How about $\sigma_{1}\cdot \sigma_{1}=N\sigma_{0}\cdot \sigma_{0}$ where
$\sigma_{1}=N\cdot u$ and $\sigma_{0}=u\cdot u$?
Thus
\begin{align*}
&\sigma_{1}\cdot \sigma_{1}=(N\cdot u)\cdot (N\cdot u)\\
&\sigma_{1}\cdot \sigma_{1}=(u\cdot N)\cdot (N\cdot u)\\
&\sigma_{1}\cdot \sigma_{1}=u\cdot (N\cdot N)\cdot u\\
&\sigma_{1}\cdot \sigma_{1}=u\cdot N\sigma_{0}\cdot u\\
&\sigma_{1}\cdot \sigma_{1}=N\sigma_{0}\cdot (u\cdot u)=N\sigma_{0}\cdot \sigma_{0}\\
\end{align*}
where $N\cdot N=\sum_{d\mid n}d\cdot \frac{n}{d}=n\sum_{d\mid n}1=N\sigma_{0}$.

If this works, then how should I proceed from here and prove that they're equal?

 

[fresh_42]

How about $\sigma_{1}\cdot \sigma_{1}=N\sigma_{0}\cdot \sigma_{0}$ where
$\sigma_{1}=N\cdot u$ and $\sigma_{0}=u\cdot u$?
Thus
\begin{align*}
&\sigma_{1}\cdot \sigma_{1}=(N\cdot u)\cdot (N\cdot u)\\
&\sigma_{1}\cdot \sigma_{1}=(u\cdot N)\cdot (N\cdot u)\\
&\sigma_{1}\cdot \sigma_{1}=u\cdot (N\cdot N)\cdot u\\
&\sigma_{1}\cdot \sigma_{1}=u\cdot N\sigma_{0}\cdot u\\
&\sigma_{1}\cdot \sigma_{1}=N\sigma_{0}\cdot (u\cdot u)=N\sigma_{0}\cdot \sigma_{0}\\
\end{align*}
where $N\cdot N=\sum_{d\mid n}d\cdot \frac{n}{d}=n\sum_{d\mid n}1=N\sigma_{0}$.

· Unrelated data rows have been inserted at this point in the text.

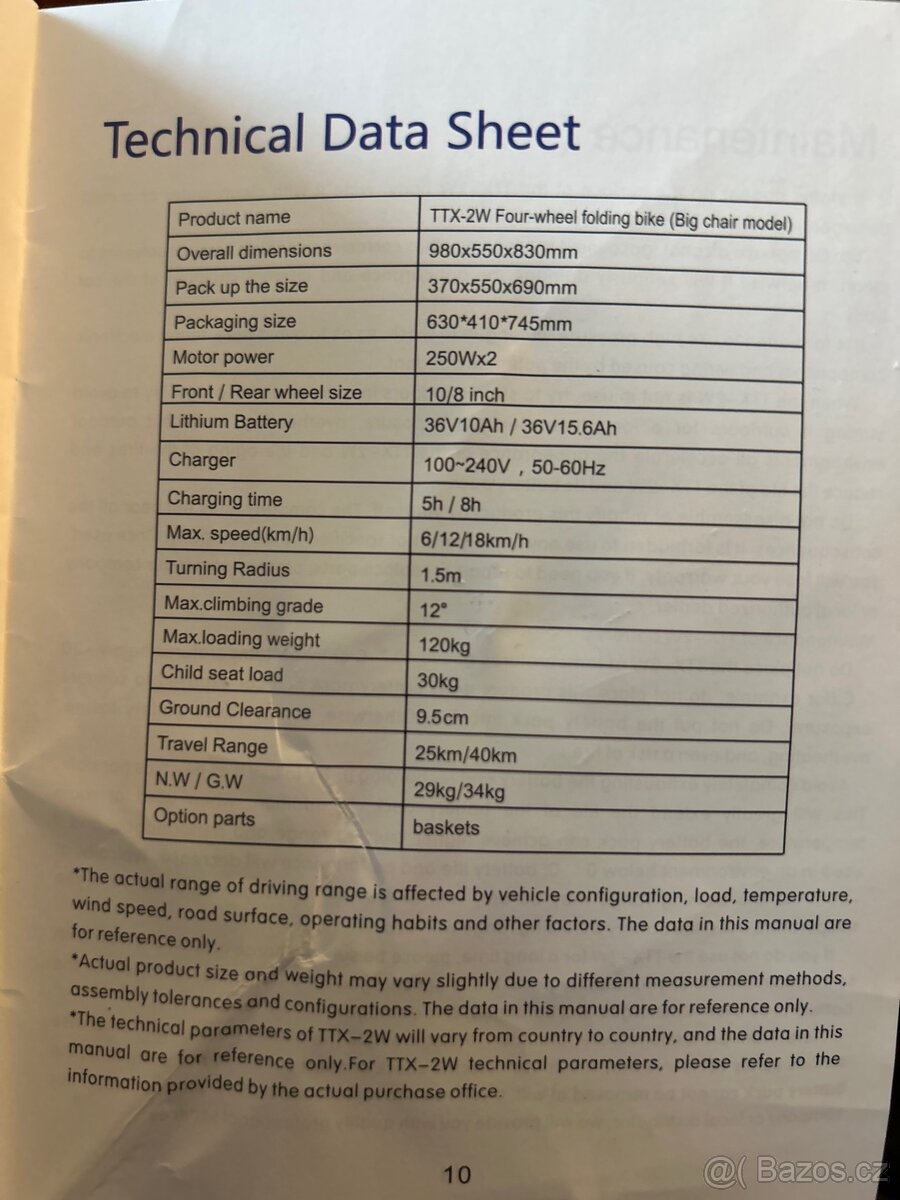 Invalidní elektrický vozík - 6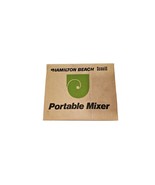 Vintage Scovill Hamilton Beach Mixette Portable Mixer Almond Model 97AL NIB - €21,04 EUR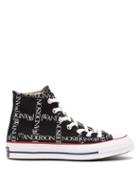 Matchesfashion.com Converse X Jw Anderson - Chuck 70 Grid High Top Canvas Trainers - Womens - Black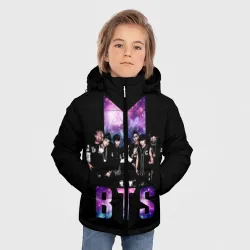 Зимняя куртка для мальчиков 3D BTS army - фото 2
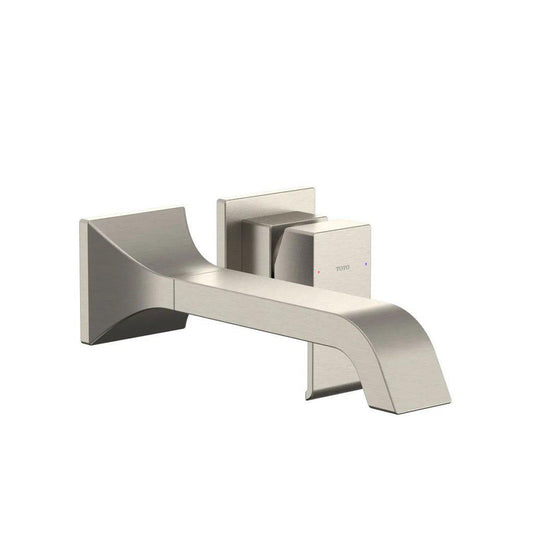 TOTO GC Brushed Nickel 1.2 GPM Single-Handle Wall-Mounted Long Bathroom Sink Faucet With Comfort Glide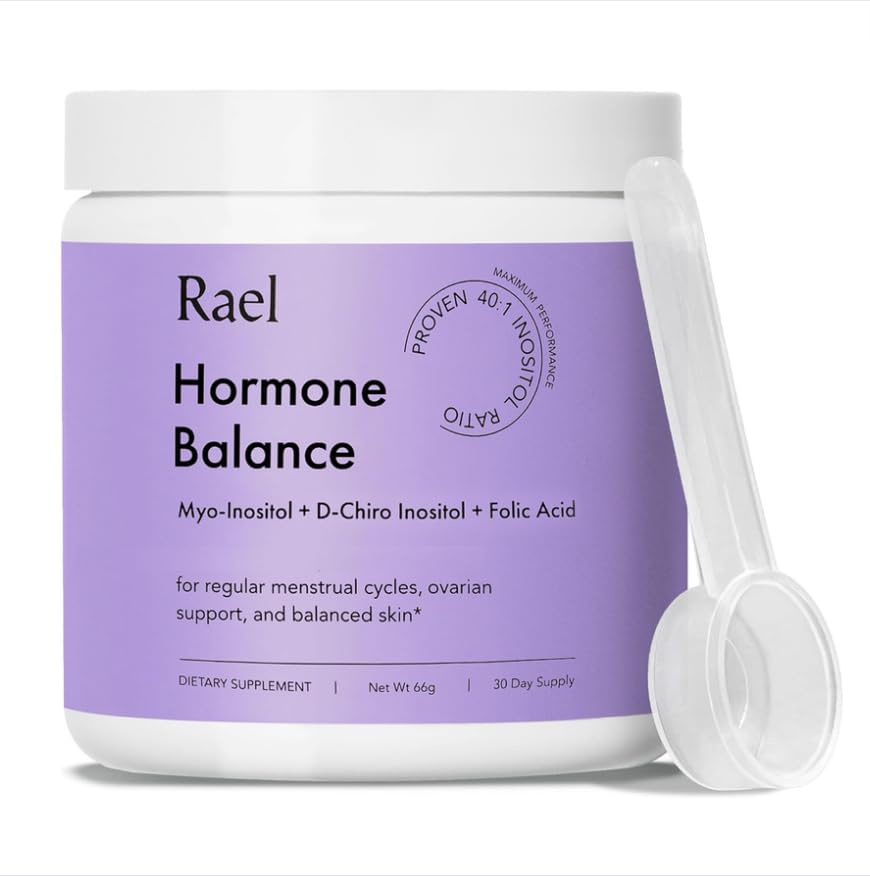 Rael Hormone Balance for Women, Myo Inositol Powder - Myo-Inositol & D-Chiro Inositol Rael uk supplements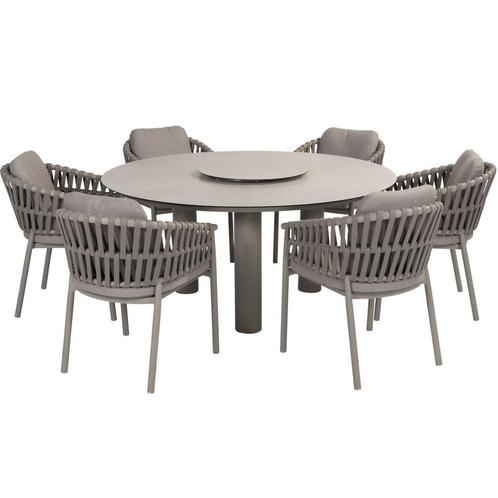 Catalana Donato dining tuinset 160xH75 cm 8 delig keramiek, Tuin en Terras, Tuinsets en Loungesets, Nieuw, Ophalen of Verzenden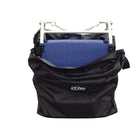 Drive Medical Super Light Folding Transport Wheelchair with Carry Bag-Padded flip-back armrests and fold-down footrests
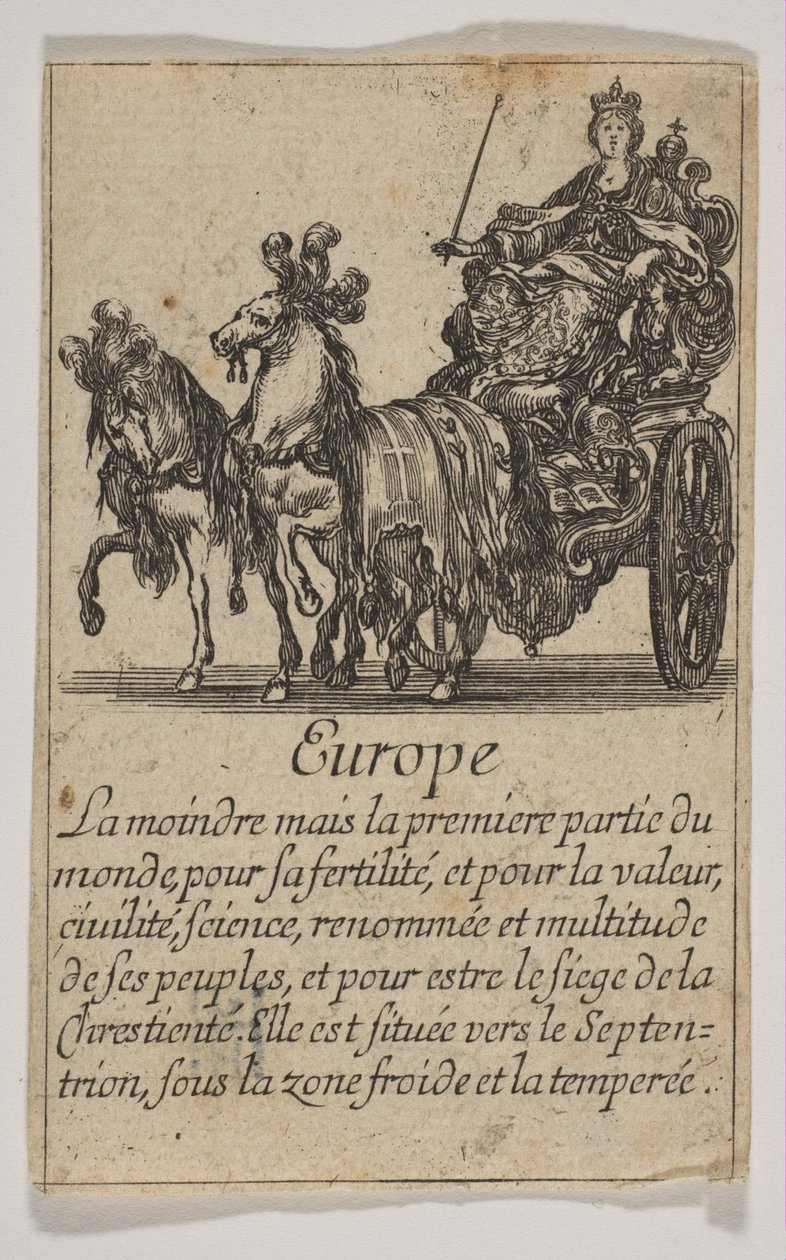 Europe, 1644 - Stefano della Bella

If this works, then how should I proceed from here and prove that they're equal?

I still have no idea what that should mean.

 

[fishturtle1]

How about $\sigma_{1}\cdot \sigma_{1}=N\sigma_{0}\cdot \sigma_{0}$ where
$\sigma_{1}=N\cdot u$ and $\sigma_{0}=u\cdot u$?
Thus
\begin{align*}
&\sigma_{1}\cdot \sigma_{1}=(N\cdot u)\cdot (N\cdot u)\\
&\sigma_{1}\cdot \sigma_{1}=(u\cdot N)\cdot (N\cdot u)\\
&\sigma_{1}\cdot \sigma_{1}=u\cdot (N\cdot N)\cdot u\\
&\sigma_{1}\cdot \sigma_{1}=u\cdot N\sigma_{0}\cdot u\\
&\sigma_{1}\cdot \sigma_{1}=N\sigma_{0}\cdot (u\cdot u)=N\sigma_{0}\cdot \sigma_{0}\\
\end{align*}
where $N\cdot N=\sum_{d\mid n}d\cdot \frac{n}{d}=n\sum_{d\mid n}1=N\sigma_{0}$.

The above should be $(N \cdot N)(n) = \ldots = (N\sigma_0)(n)$. (why?)

If this works, then how should I proceed from here and prove that they're equal?

I think this is a right idea but there is a lot being used without explicit mention, which i think maybe makes it hard to follow. Somewhere we might mention "We will write the Dirichlet product of two arithmetic functions $f, g$ as $f \cdot g$" (i would use $\ast$ instead of $\cdot$ but just my opinion). Otherwise, how will the reader know? Some other things that might also add clarity:

-Give the definition of Dirichlet product
-State its properties: is it associative? commutative?
-Explicitly define $u,N,\sigma_k$, e.g., "We define the functions $u(n) = 1$ for all $n$ and $N(n) = n$ for all $n$ and etc..."
-Give an explanation why we have $\sigma_1=N\cdot u$ and $\sigma_0 = u\cdot u$, even if the explanation is just "From the textbook we know...". At least for me, it was hard to see why those two equations are true...

Some of this could be put in the "Relevant equations" part of the homework template (for future reference). To your last question, you've shown $\sigma_1\cdot\sigma_1 = (N\sigma_0)\cdot\sigma_0$. Are we done?To build off of fresh's suggestion, if $f, g$ are multiplicative, then their Dirichlet product is multiplicative. So i think another solution would be to prove the equation holds for prime powers (as fresh suggested).